GM produced 9.18 million vehicles worldwide last year, a slight increase from 9.05 million in 2005, and many analysts expect it will fall to second place behind Toyota as early as this year.

Toyota is forecasting sales of 9.34 million vehicles for 2007. It expects to sell 2.68 million in the United States, a 6 percent increase over 2006 levels.

"Things are going very well with Toyota, and it's likely to achieve its target for this year," said Shotaro Noguchi, auto analyst for Mitsubishi UFJ Securities Co. in Tokyo.

Honda reported a 6.6 percent increase in global output to 3.63 million vehicles, reclaiming second place from Nissan.

Nissan overtook Honda in 2004 but fell to third place last year among Japanese automakers after its output declined 7.7 percent to 3.24 million vehicles.

Honda's rising output reflected brisk sales of the Civic compact, particularly in the United States and China.

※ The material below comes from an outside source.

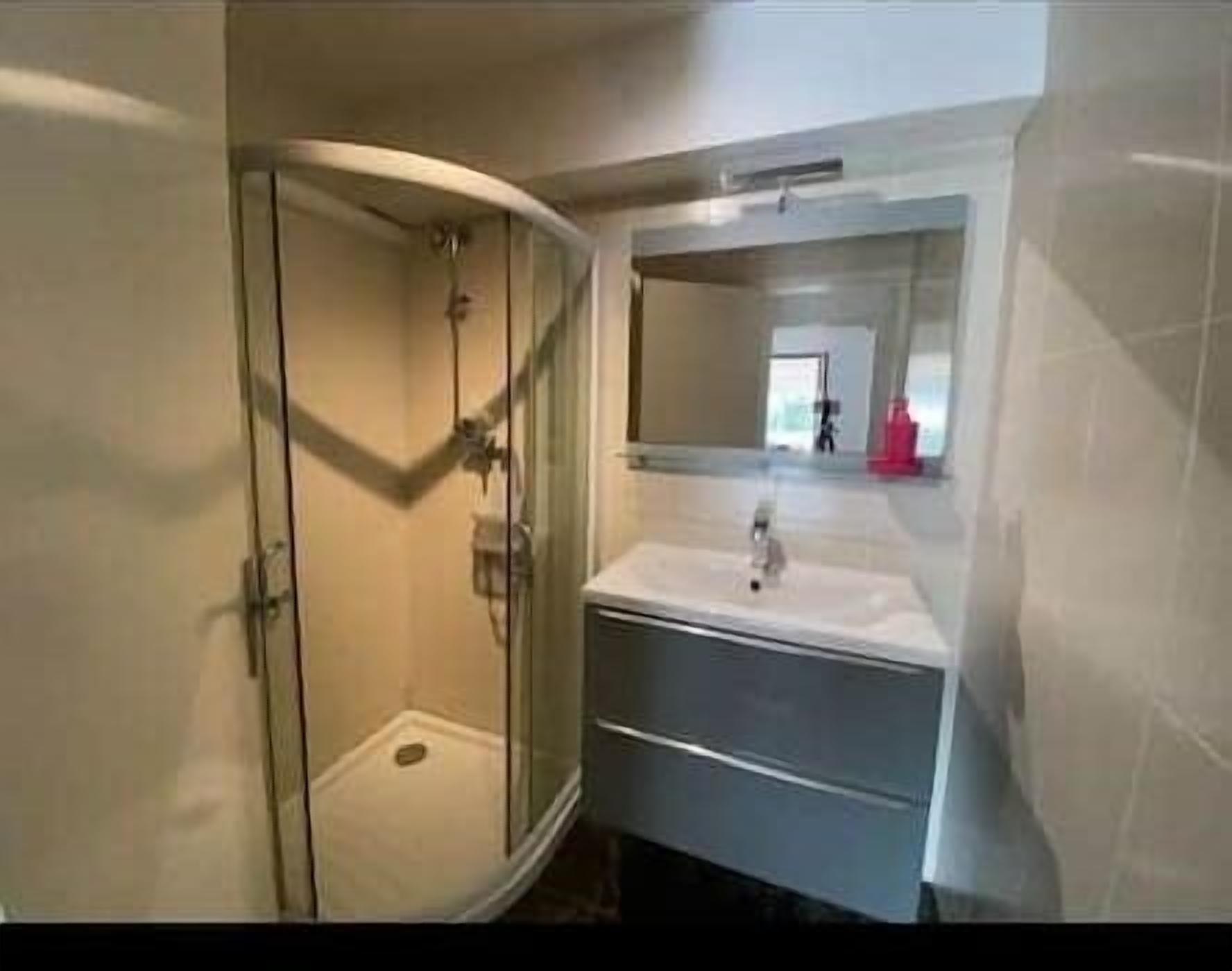 Un baño con ducha de vidrio, lavamanos con espejo y suelo de baldosas.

Strong demand in overseas markets underpinned Japan's leading automakers -- which are struggling in their home market.

Long the world's second-largest auto market, Japan slipped last year to third place behind China.

Chinese car and truck sales surged by more than a third in 2006 to 7.2 million vehicles, while Japan's market shrank to 5.7 million vehicles -- levels last seen in the 1980s, according to a report by investment firm J.P. Morgan.

The real growth segment in Japan is mini-vehicles weighing half as much as ordinary cars. Excluding mini-vehicles, Japan's market totaled 3.7 million units in 2006 after an 18th consecutive monthly decline in December.

"We believe earnings will remain structurally dependent on overseas sales growth in 2007," J.P. Morgan said in the report.